CHAFFEE, MO (KFVS) - The Chaffee Industrial Arts Big Furious George robotics team is going to the FIRST World Championship in St. Louis in late April.
The robotics team said they feel their hard work has paid off and they are excited to compete against 30,000 students that represent teams from 39 different countries.
"It's going to take a lot of us coming together, working together a lot," senior Cody Pepple said. "The whole experience is you're always working on the robot and building it. Once you get to the tournament, it's a whole new game."
The team members feel robotics is more than just competing. They have learned a lot from working on their robot and said they found out a new way of life because of this program.

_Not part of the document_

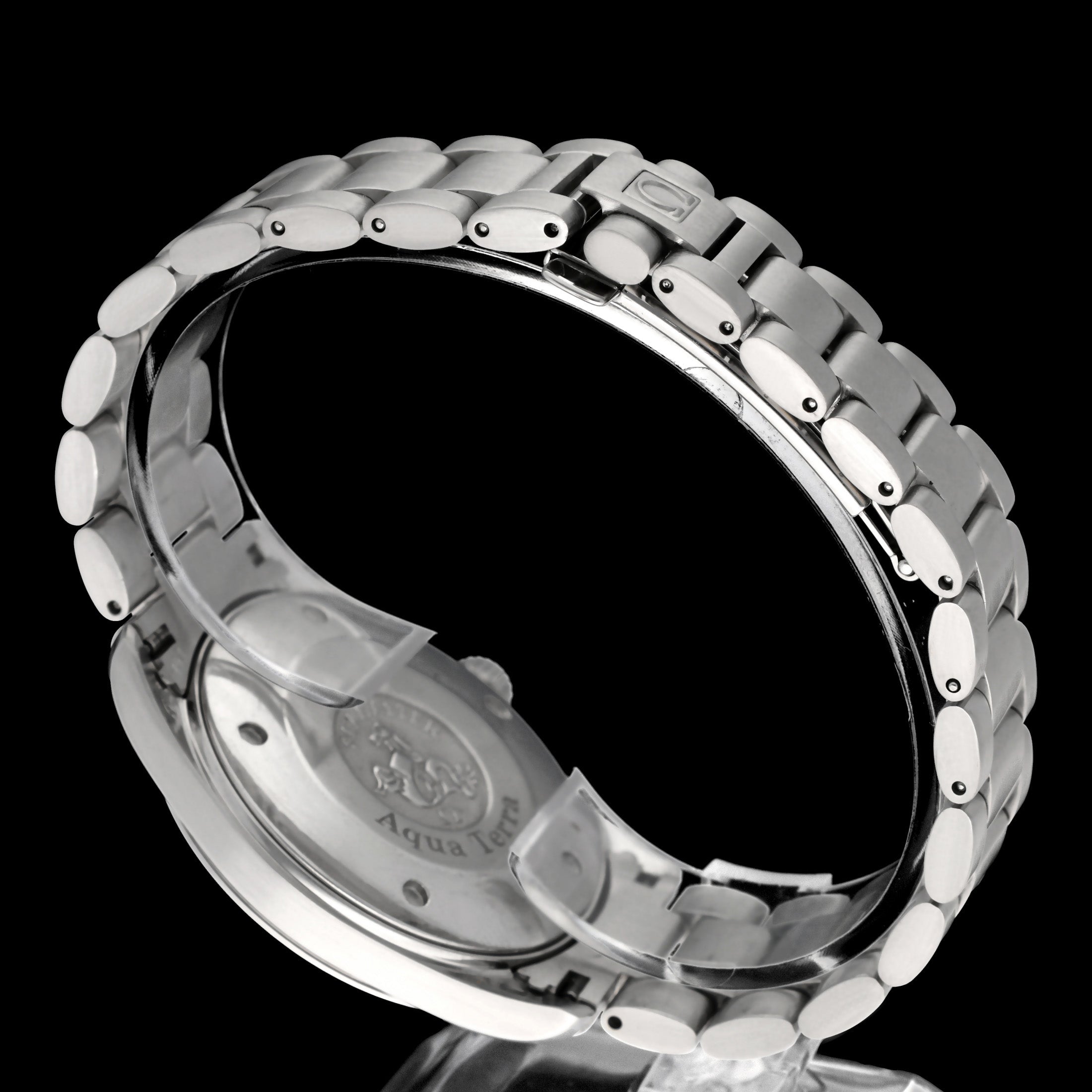 Omega Seamaster Aqua Terra 2517.50.00 - 1998 - Omega horloge - Omega kopen - Omega heren horloge - Trophies Watches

"Whenever I first got into high school, I didn't know what I wanted to do at all," senior Austin Dirnberger said. "But once I got into the robotics program, I got to tinker with different aspects of it and I found out exactly what I wanted to do, what college I wanted to go to, what career I wanted. Now I have a full plan for my life."
When it comes to building the robots, students feel that teamwork is something that is very important for making everything run smoothly.
"A lot of the times we practice driving and we work on our coding for the robot to make it better and always improving it," sophomore Regan Swain said.
In working together, these students felt it boosts life skills as well.
"It improves your problem solving skills, your ability to work in teams and other people. It just helps in all those aspects," Dirnberger added.
While students work together to build these robots and get ready for competition, they said a surprising result of working together was forming bonds and friendships along the way.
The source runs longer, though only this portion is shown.